The lines from the one containing "Welcome to Lex's" to the end of the entries, both included, are what you need to transcribe exactly, without pictures and without anything else.

====== Exercise data ======

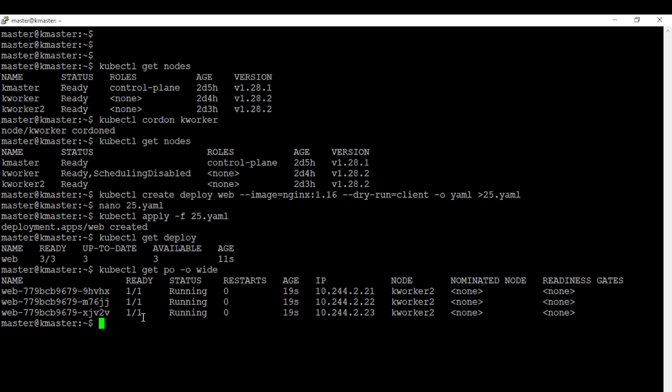Sometimes in the question they will ask to revert the changes, so let's uncordon that node, which means we are going to change the status of the node to schedulable.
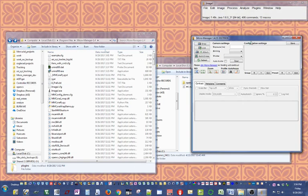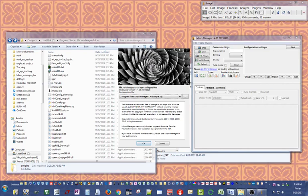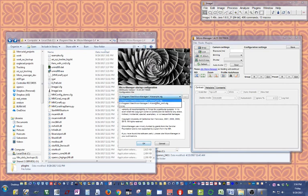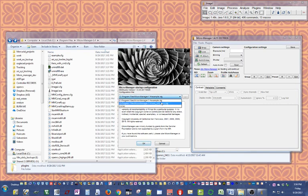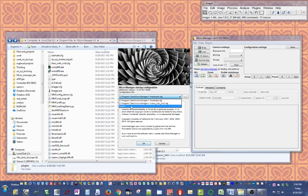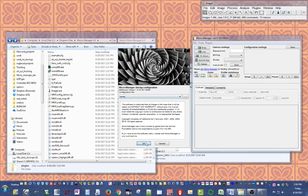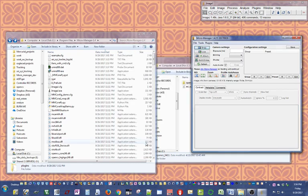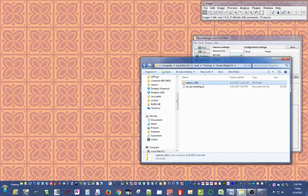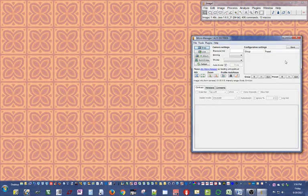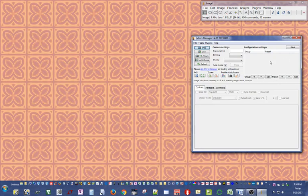MicroManager launches. If this is your first time running MicroManager, you probably don't have a hardware configuration file set up yet. In case you do, just select it and get started, but I'm going to show you how to generate a startup configuration. Select none for now and press OK.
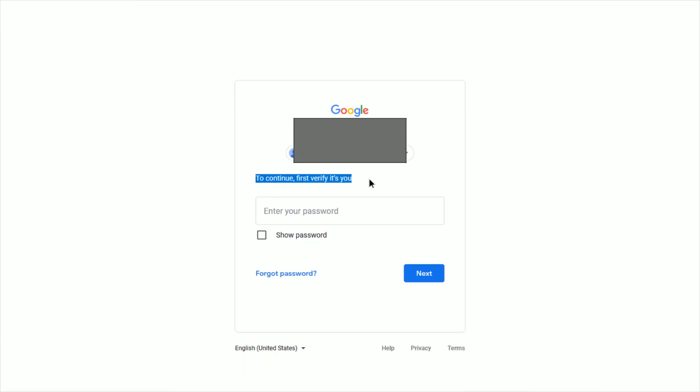To continue, it's going to ask you to verify that it is you trying to access this information. So you need to enter in your current password and then click next.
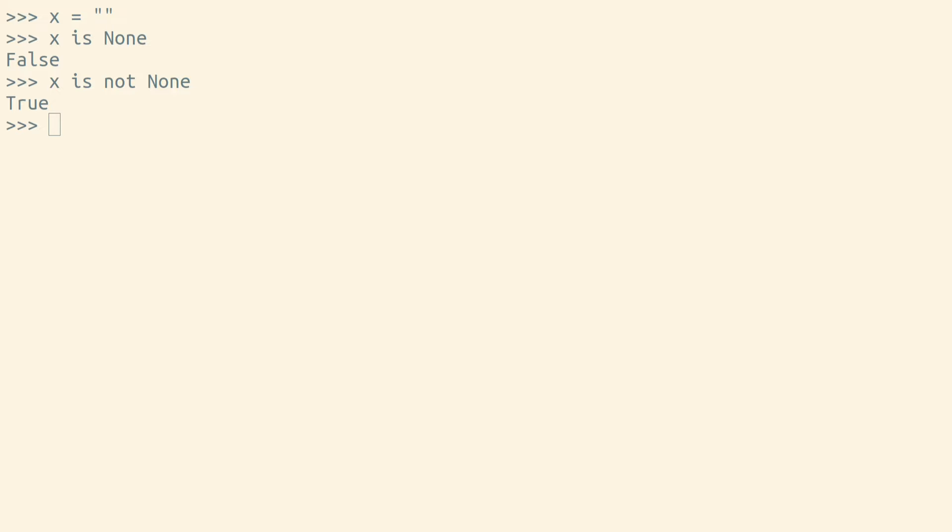Sentinel values are pretty much the one place you'll see identity used, and none is by far the most common sentinel value in Python.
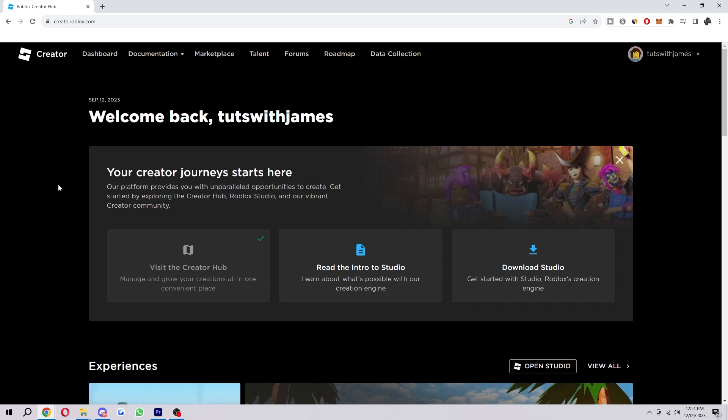Hello and welcome back to another video. Today I'm going to be showing you how to fix the Roblox error which is asset creation failed, please try again later.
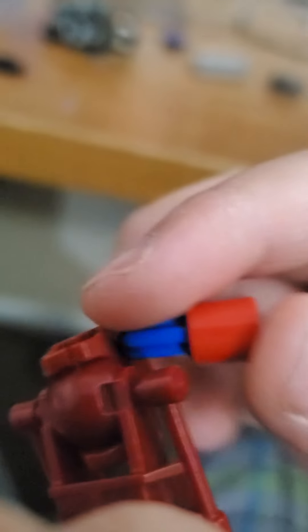Connect the blue piece over here. And then, you get this part, and then connect.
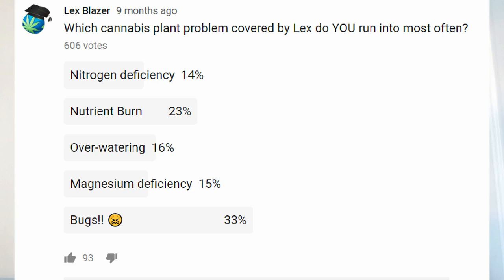Welcome to Lex's world everybody. A few months back I asked the channel community a question about which issue they faced most, and the results really weren't what I expected. Bugs won by a huge margin. There are more of you concerned with insects than I thought. As a primarily indoor Canadian grower, I simply don't deal with bugs a whole lot from cycle to cycle, but I was reminded that bugs are a big category in most other places further south.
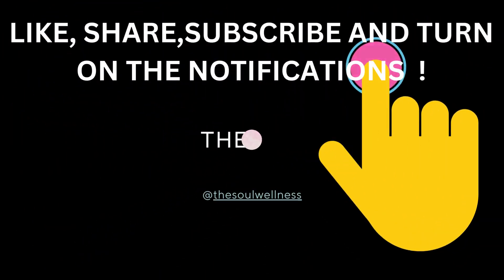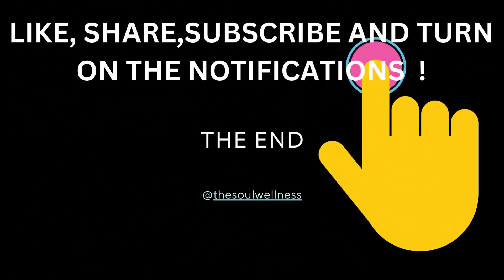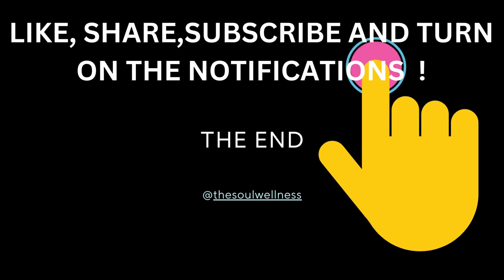May this practice of cultivating positive dreams and nighttime serenity enhance the quality of your sleep and bring forth renewed positivity in your waking life. Join us next week for another series, Gratitude for Restful Nights, Embracing Sleep's Blessings. Thank you.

======

## Response box:
Welcome to Lex's world everybody. A few months back I asked the channel community a question about which issue they faced most, and the results really weren't what I expected. Bugs won by a huge margin. There are more of you concerned with insects than I thought. As a primarily indoor Canadian grower, I simply don't deal with bugs a whole lot from cycle to cycle, but I was reminded that bugs are a big category in most other places further south.
May this practice of cultivating positive dreams and nighttime serenity enhance the quality of your sleep and bring forth renewed positivity in your waking life. Join us next week for another series, Gratitude for Restful Nights, Embracing Sleep's Blessings. Thank you.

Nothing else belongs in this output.